Fellowships 2018

I was born and raised in Japan, where all schoolchildren learn calligraphy. This craft, along with Japanese ink painting (called “Sumi-e”), provides the foundation and inspiration for my practice. In my current series of work, I am exploring the relationship between written language and image on both paper substrate and in dimensional installations.

My paintings begin as densely layered linguistic compositions expressing a particular theme. For a native Japanese speaker, occasionally characters can be glimpsed and read in the literal sense. Yet more often, these layers explore possible nuances of a phrase or phrases, introducing complexity and contradictions. I use watercolor paper for its ability to capture the ink of a brush; calligraphy is a dance, frozen in time, which once executed cannot be revisited. As in the Japanese tradition of the craft, I am a performer on the surface of the paper as I choose those aspects of the language I wish to reveal, and those I may wish to wash away in ambiguity.
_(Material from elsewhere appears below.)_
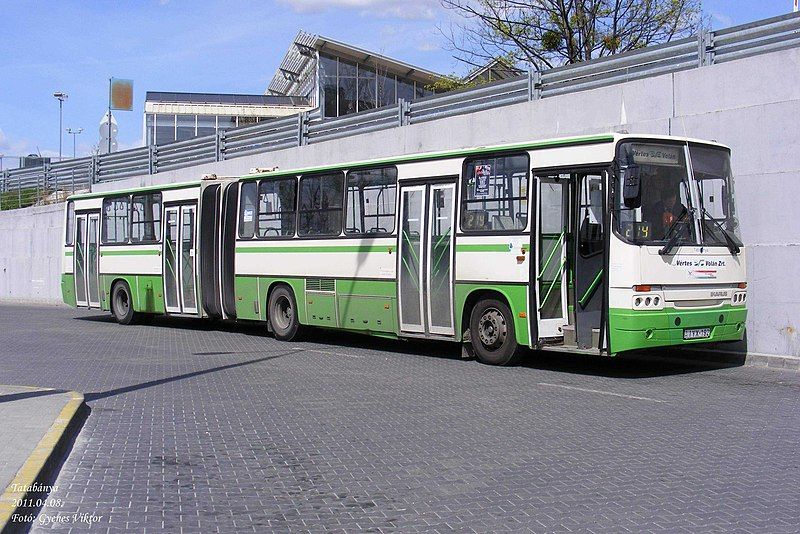 File:Ikarus C83 Tatabánya.jpg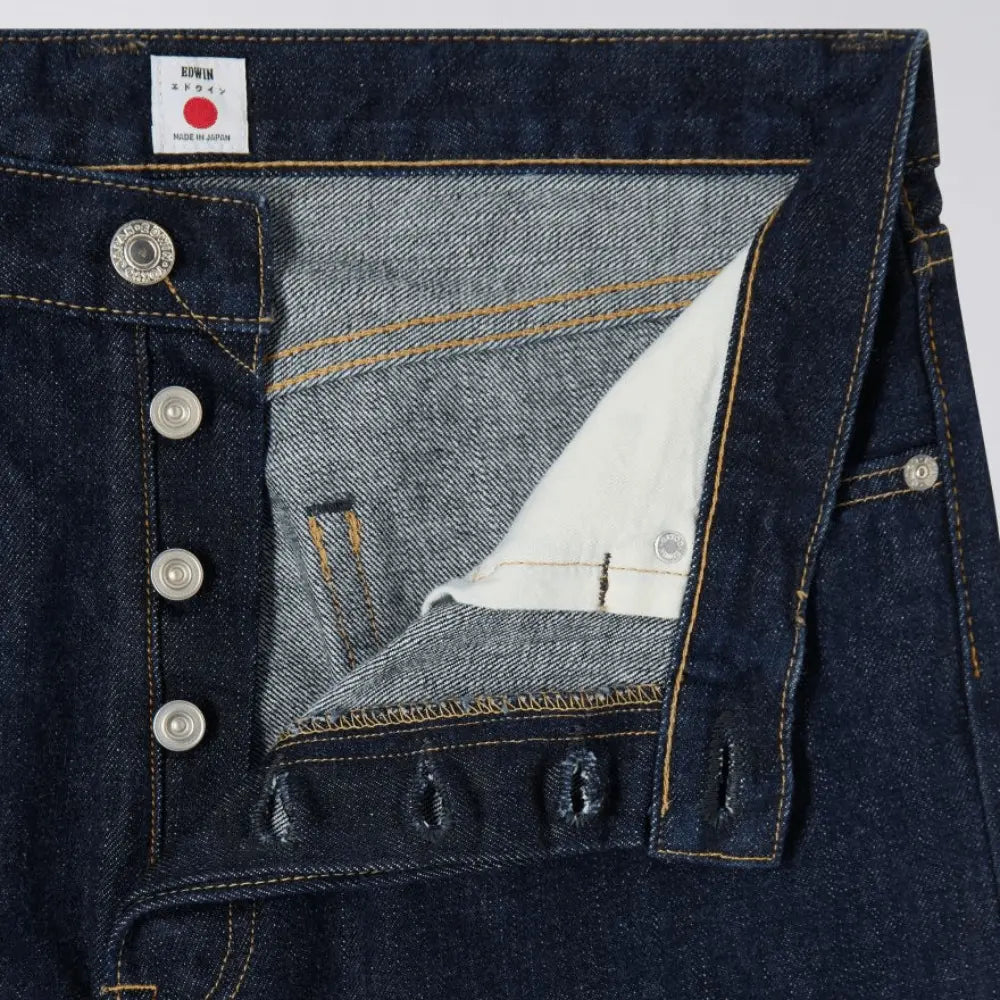 Ceinture ouverte du jean Loose Blue Rinsed, braguette à boutons argentés et étiquette Made in Japan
My installation work, by contrast, transforms the viewer into participant. In the traditional format of Japanese calligraphy, seals (which to Western eyes resemble stamps) serve as signifiers depending on their placement on the paper. The words or phrases-the literal characters on each seal-provide one meaning; the placement provides yet another. I have decoded and reinterpreted this reading by forming single lines of seals and have fashioned them into Mobius strips which are then suspended in space. Because the characters that comprise the seals are being presented without their calligraphic context, I am providing a blank canvas of sorts that serves as an invitation to the viewer to complete the work. The viewer brings their own emotional state, adds their own words and phrases both physically and metaphorically, and becomes the missing element—a human, corporeal calligraphic form themselves.